3.3. Analysis of the Finite Grid

An exemplary finite grid of coils was compared with infinite one. Since in grids with small number of resonators the coils on edges and vertices will play dominant role, the approximation with infinite grid is not valid. The most contrasting example is grid of 9 coils with eight coils located at edges (Figure 16). Each coil in grid has mutual inductances:

• with the edge adjacent coils M_edge and with vertex adjacent coils M_vertex;
• with the coil directly above M_tr,vertical, with coils on a side M_tr,side and with coils located diagonally M_tr,diag.

The mutual inductances were gathered in

Table 2. Mutual inductances in a considered grid of nine coils.

n	Mtr,vertical (μH)		Mtr,side (μH)		Mtr,diag (μH)		Medge (μH)	Mvertex (μH)
	h = 0.5 r	h = r	h = 0.5 r	h = r	h = 0.5 r	h = r
10	0.888	0.375	0.053	0.011	0.052	0.011	0.094	0.093
15	1.750	0.721	0.095	0.022	0.093	0.022	0.161	0.159
20	2.662	1.080	0.133	0.034	0.131	0.033	0.218	0.215
25	3.500	1.400	0.164	0.044	0.161	0.043	0.262	0.258
30	4.200	1.647	0.186	0.052	0.183	0.051	0.293	0.289
35	4.680	1.810	0.199	0.057	0.195	0.056	0.311	0.306
40	4.930	1.890	0.205	0.059	0.202	0.058	0.319	0.315
45	5.020	1.930	0.207	0.060	0.204	0.059	0.322	0.318

. For the coil located at the:

• center—there are 4 M_edge with edge adjacent coils and 4 M_vertex couplings with vertex adjacent as well as 1 M_tr,vertical, 4 M_tr,side and 4 M_tr,diag couplings;
• edge—there are 3 M_edge with edge adjacent coils and 2 M_vertex couplings with vertex adjacent as well as 1 M_tr,vertical, 3 M_tr,side and 2 M_tr,diag couplings;
• vertex—there are 2 M_edge with edge adjacent coils and 1 M_vertex coupling with vertex adjacent as well as 1 M_tr,vertical, 2 M_tr,side and 1 M_tr,diag coupling.

The geometrical parameters of coils, and resulting self-impedance, are identical as in Section 3.1. Each transmitting coil was connected with a voltage source (U = 1 V).
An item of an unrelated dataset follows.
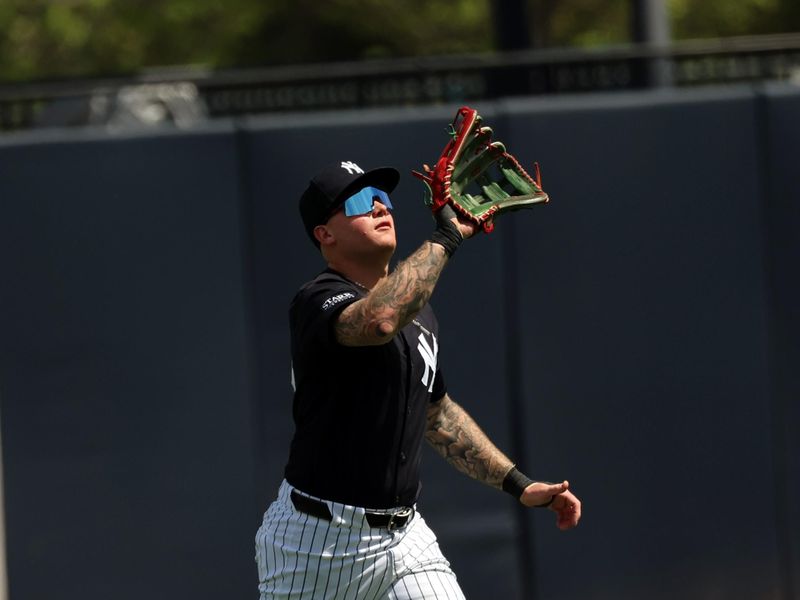 Mar 11, 2024; Tampa, Florida, USA;  New York Yankees right fielder Alex Verdugo (24) catches a fly ball during the second inning against the Baltimore Orioles at George M. Steinbrenner Field. Mandatory Credit: Kim Klement Neitzel-USA TODAY Sports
Moreover, the impedances Z_e were the same as in infinite grid, to preserve identical loads in both compared models. Nonetheless, based on the identified mutual inductances the new values of capacitances were calculated using Equation (11). Then, by solving Equation (18) the currents were found, and then a total load (P) and total source powers (P_s) and the power transfer efficiency (η), using Equation (21), were calculated:

$$P={\displaystyle \sum _{k=1}^{9}Z{\left|{\underset{\_}{I}}_{r,k}\right|}^2}$$

(24)

$$P_s={\displaystyle \sum _{k=1}^{9}U\left|{\underset{\_}{I}}_{t,k}\right|}$$

(25)

The results presented in Figure 17, Figure 18, Figure 19 and Figure 20 were labeled as FIN for the finite grid and INF for infinite grid. The shape of characteristics remained similar for both types of WPT systems, but values of the relative source power and power transfer efficiency were different. The total source power was always lower in finite grid, while the efficiency was higher. This can be easily explained, since in finite grid occurred the lesser amount of mutual inductances, which were negatively affecting mutual inductance between transmitter and receiver (higher L_c due to lower M_period).

At the distance h = r/2 = 5 mm these differences were mostly noticeable for n = 10 (Figure 17b). For example, the efficiency was about 12% lower in the infinite grid. With higher number of turns the differences were smaller, e.g., for n = 25 the efficiency was only 6% lower. For considered number of turns n = 30 ÷ 45, both shapes and values of the characteristics were similar (Figure 18). The divergences between relative source power in finite and infinite grid were within acceptable range. However, efficiency was higher in the finite grid (average difference between FIN and INF equal to 4.58%).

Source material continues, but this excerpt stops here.